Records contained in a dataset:

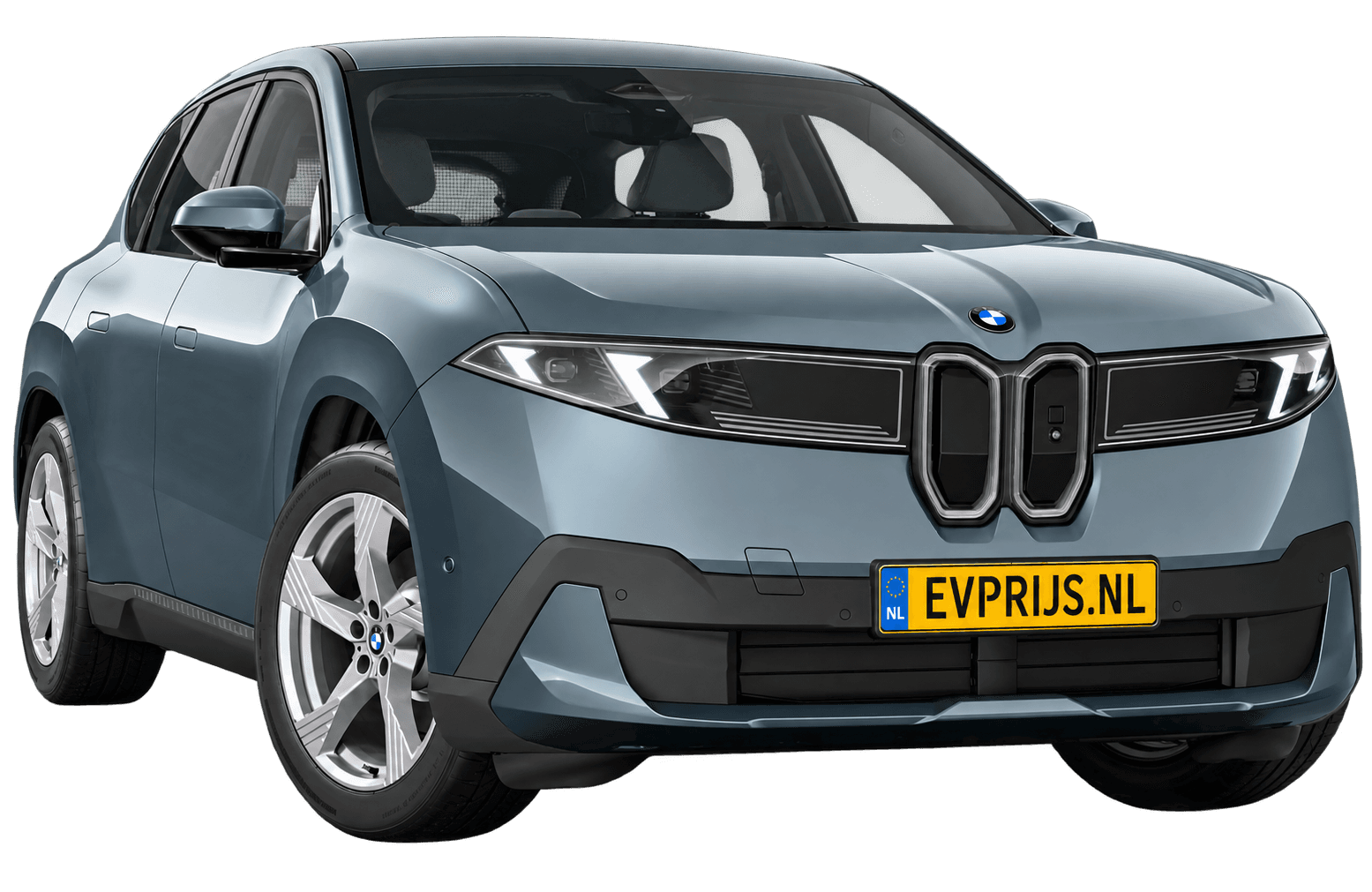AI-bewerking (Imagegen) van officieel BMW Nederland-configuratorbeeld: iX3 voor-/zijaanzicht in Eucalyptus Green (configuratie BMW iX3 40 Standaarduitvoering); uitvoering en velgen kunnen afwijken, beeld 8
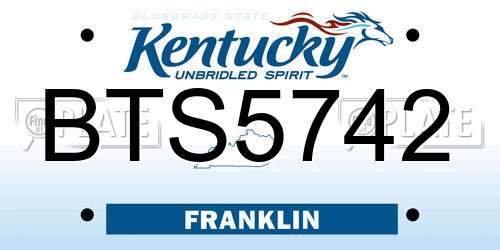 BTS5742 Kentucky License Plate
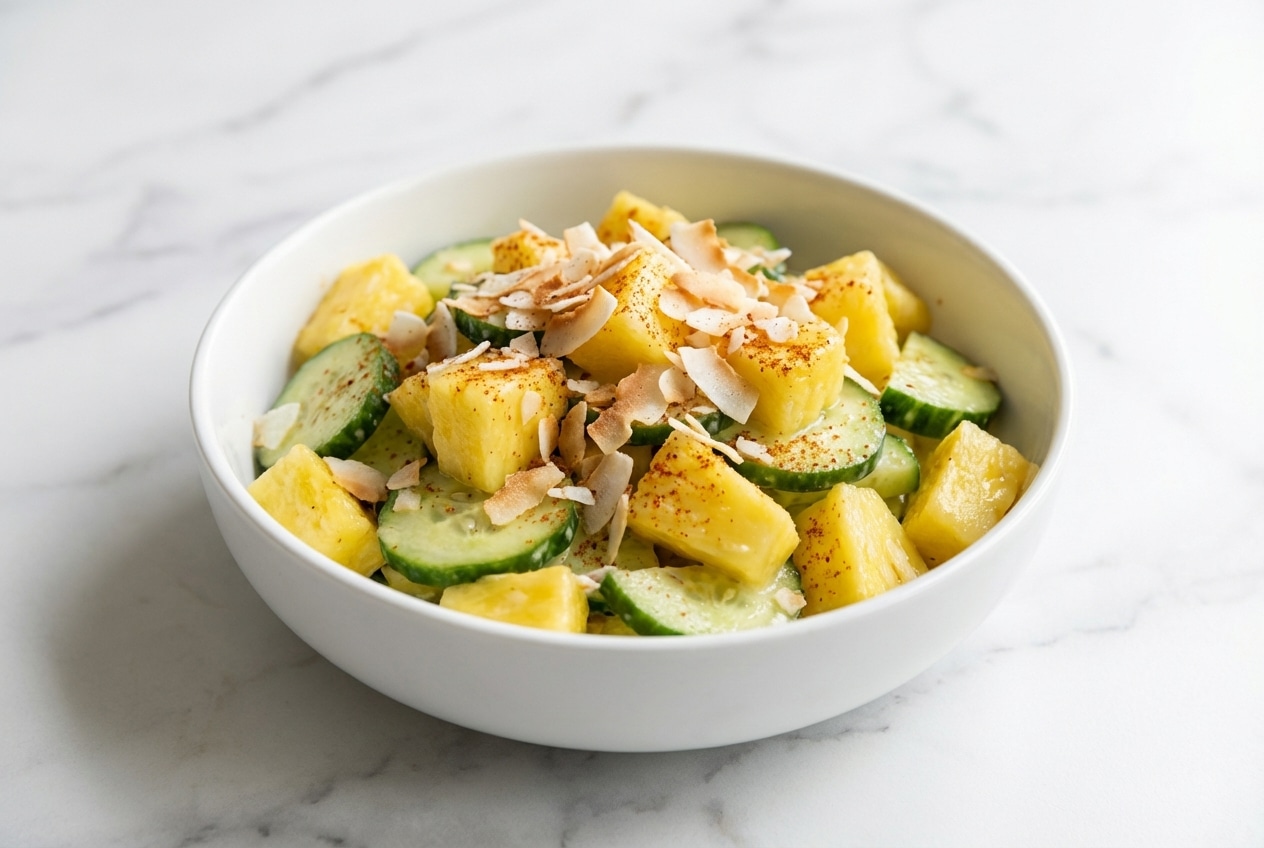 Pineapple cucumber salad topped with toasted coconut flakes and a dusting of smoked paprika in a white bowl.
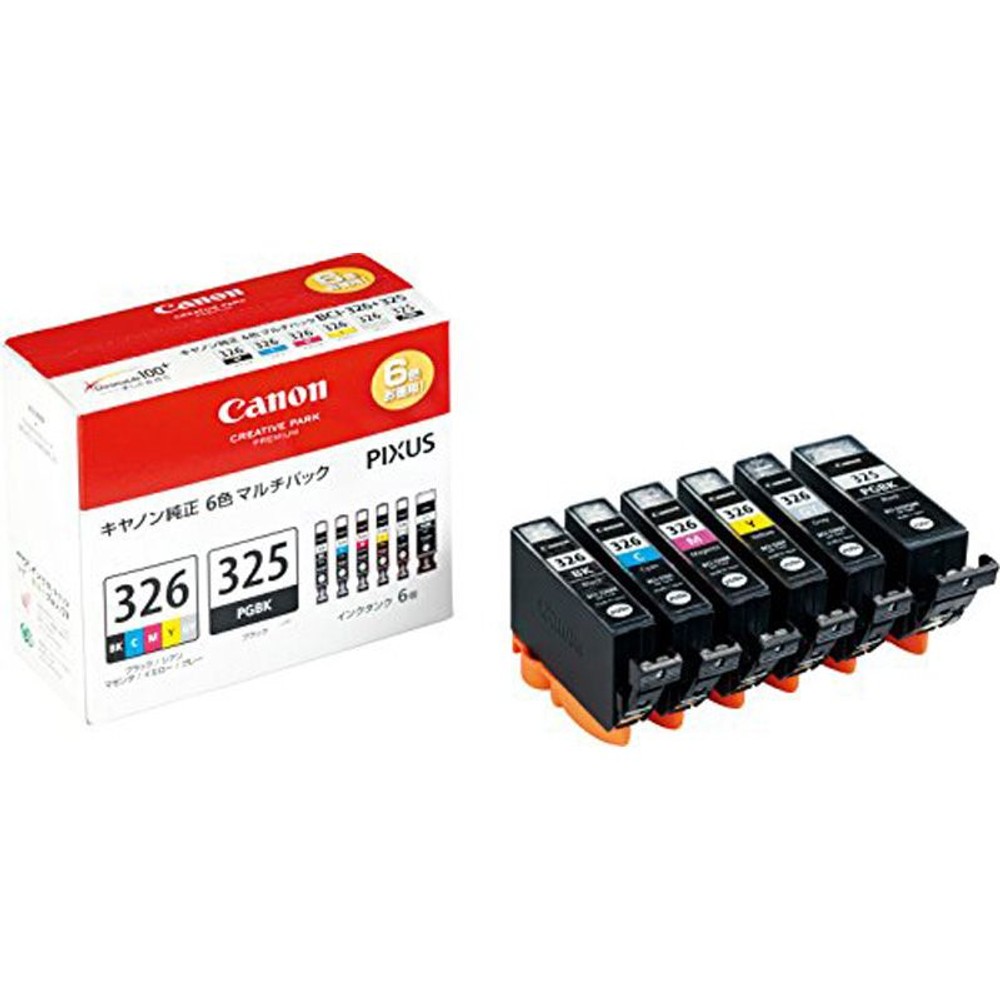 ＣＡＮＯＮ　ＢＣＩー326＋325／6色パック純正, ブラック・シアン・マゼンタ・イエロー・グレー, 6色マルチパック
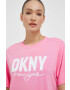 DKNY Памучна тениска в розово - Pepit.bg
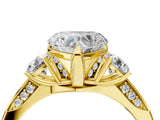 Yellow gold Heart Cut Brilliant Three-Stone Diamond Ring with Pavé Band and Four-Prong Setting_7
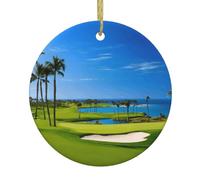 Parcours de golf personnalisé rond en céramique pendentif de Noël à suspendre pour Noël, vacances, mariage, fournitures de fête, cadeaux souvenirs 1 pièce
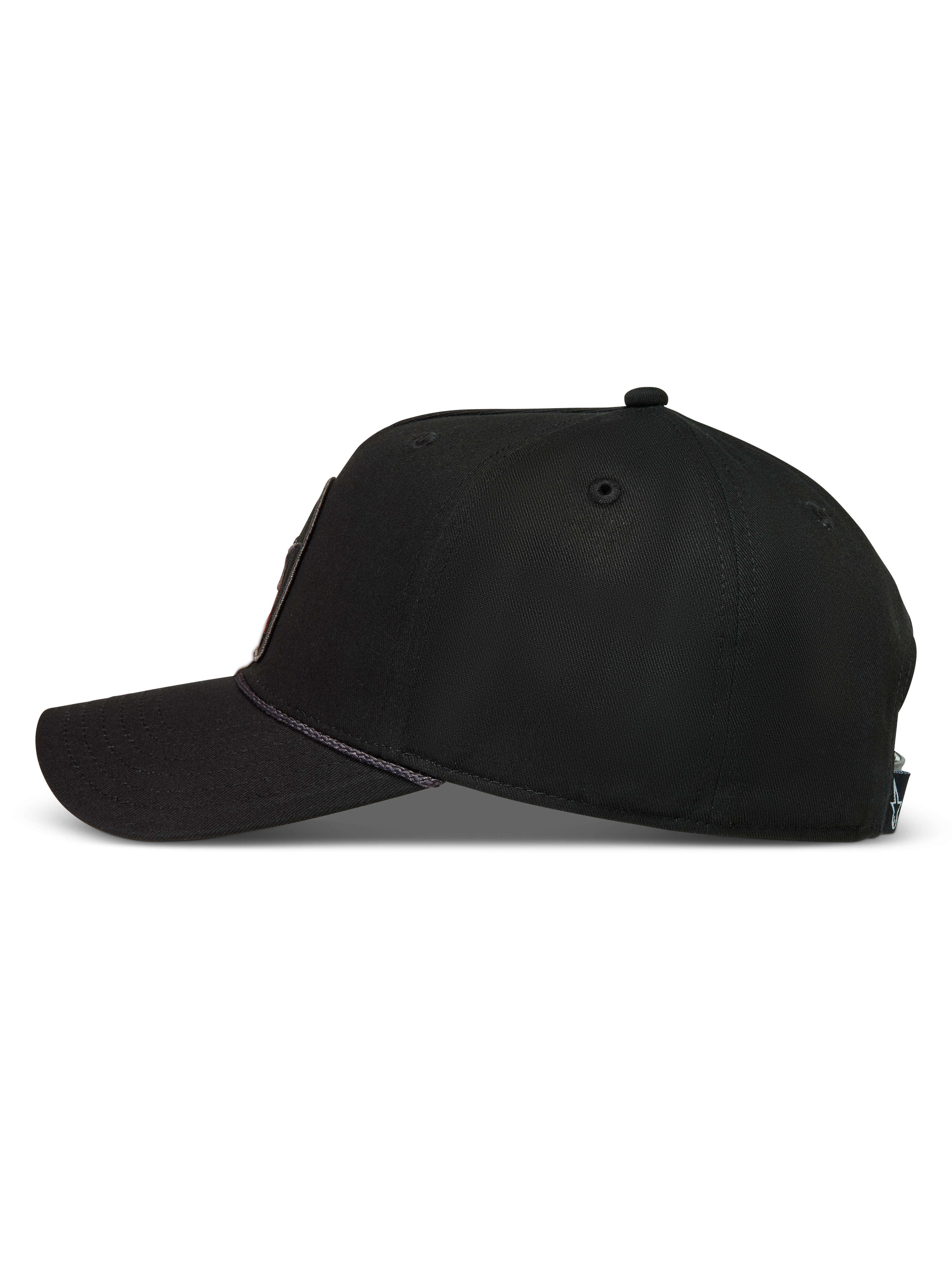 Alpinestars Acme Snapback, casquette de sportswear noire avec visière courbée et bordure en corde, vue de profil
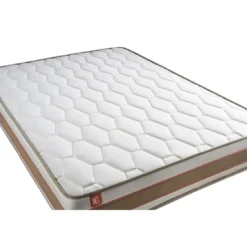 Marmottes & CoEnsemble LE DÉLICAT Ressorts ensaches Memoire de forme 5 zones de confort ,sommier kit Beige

* [PROBLEM DETAILS]
The lines above must be transcribed exactly, with every picture left out.

* [ANSWER FOR THIS EXERCISE]
AI-bewerking (Imagegen) van officieel BMW Nederland-configuratorbeeld: iX3 voor-/zijaanzicht in Eucalyptus Green (configuratie BMW iX3 40 Standaarduitvoering); uitvoering en velgen kunnen afwijken, beeld 8
 BTS5742 Kentucky License Plate
 Pineapple cucumber salad topped with toasted coconut flakes and a dusting of smoked paprika in a white bowl.
 ＣＡＮＯＮ　ＢＣＩー326＋325／6色パック純正, ブラック・シアン・マゼンタ・イエロー・グレー, 6色マルチパック
 DKNY Памучна тениска в розово - Pepit.bg
 Yellow gold Heart Cut Brilliant Three-Stone Diamond Ring with Pavé Band and Four-Prong Setting_7
 Parcours de golf personnalisé rond en céramique pendentif de Noël à suspendre pour Noël, vacances, mariage, fournitures de fête, cadeaux souvenirs 1 pièce
 Alpinestars Acme Snapback, casquette de sportswear noire avec visière courbée et bordure en corde, vue de profil
 Marmottes & CoEnsemble LE DÉLICAT Ressorts ensaches Memoire de forme 5 zones de confort ,sommier kit Beige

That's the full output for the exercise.